В молодости Слезкин совсем иначе представлял себе свое будущее: гусарский мундир, царские смотры, блестящие парады, дым сражений и благосклонность дам. Пожалуй, только в последнем он и преуспел. Дым сражений помаячил вдалеке: во время первой же рекогносцировки под Гунибом он был ранен шальной горской пулей в коленную чашечку, что поставило крест на его гусарской карьере, на парадах и царских смотрах. Выбирать было не из чего: либо прозябать в захудалом имении отца, жениться на стряпухе и нянчить детей, либо идти по штабной части и остаться в военном ведомстве без особых надежд на лучшую перспективу. Иван Львович выбрал последнее.
Уже тогда охладели к нему прежние его товарищи, встречаясь, улыбались снисходительно, хотя и подбадривали: с кем, мол, не случается!.. Но все реже приглашали его на холостяцкие пирушки, все чаще не узнавали на улице. Болезненная ранка кровоточила. И, как знать, не эта ли саднящая боль привела его однажды в общество, которого раньше и сам он тщательно избегал? Короче, у его невесты обнаружились влиятельные родственники, а у тех – надежные связи. Скоро Слезкин примерял у портного синий жандармский мундир. И какое же сладостное чувство он испытал через несколько лет, когда в кабинет к нему ввели одного из старых его приятелей, в прошлом блестящего офицера, а теперь государственного преступника, обвиняемого в пропагаторстве, направленном против особы его императорского величества! С каким невозмутимым спокойствием предлагал он вопросы, от которых арестованного бросало то в холодный, то в горячий пот!.. Помнится, тогда он отправил его на каторгу и после внимательно следил за его судьбой. Несчастный скончался в Сибири…
Но Слезкин не был садистом, он даже инкогнито помог раза два или три матушке заблудшего товарища, – жестоким было само время. И понимание этого помогало Слезкину не только исправно нести свои обязанности, но и жить вполне уютно и даже с достоинством. Он выработал для себя довольно строгие правила чести, был щепетилен, презирал доносчиков, не подавал руки филерам, хотя и пользовался их услугами, и слегка фрондировал в кругу своих сослуживцев.
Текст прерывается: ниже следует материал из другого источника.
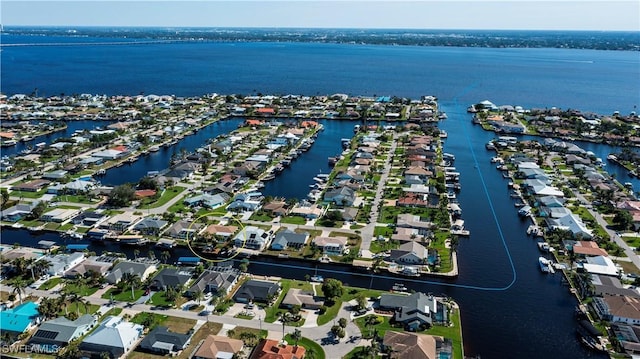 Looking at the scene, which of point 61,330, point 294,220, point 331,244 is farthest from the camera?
point 294,220

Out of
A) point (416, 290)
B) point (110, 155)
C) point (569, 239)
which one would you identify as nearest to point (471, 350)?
point (416, 290)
Его снова стали с охотой принимать в хороших домах, он быстро продвинулся по службе и пользовался репутацией кристально честного человека.
Впрочем, Слезкин и в самом деле никогда не кривил душой: он был искренне предан существующему порядку и выжигал крамолу, не терзаясь угрызениями совести.
Крестьянская реформа, на благотворный воздух которой уповали либералы, неожиданно всколыхнула новую, доселе не виданную волну. Не примирила она мужика с помещиком, развела на стороны сильнее прежнего: горели барские усадьбы, зловещие пожары вспыхивали то тут, то там, и мерещилось – где-то поблизости, за лесами, за увалами, собирается страшное крестьянское войско. Все смешалось в ту пору, все ломалось и рушилось – жутко было: тюрьмы не вмещали людей, по Владимирке почти непрерывной вереницей тянулись колодники. И на станциях, в шумных местах, как никогда доселе, говорили не таясь: "Что царь, что помещик —. хрен редьки не слаще. А собака собаку, известно, не ест". Изживала себя изначальная вера в мудрого и доброго государя.
Выстрел Каракозова потряс Ивана Львовича до глубины души: все, докатились! И завертелось жандармское колесо – хватали ищутинцев, чанковцев, долгушинцев, иногда прихватывали и либералов, из тех, что понастырнее. Бросали в Петропавловку, в Бутырки, в Литовский замок, глумились, ставили к позорному столбу; судили в Петербурге, в Москве, в Одессе, в Киеве – поодиночке и группами.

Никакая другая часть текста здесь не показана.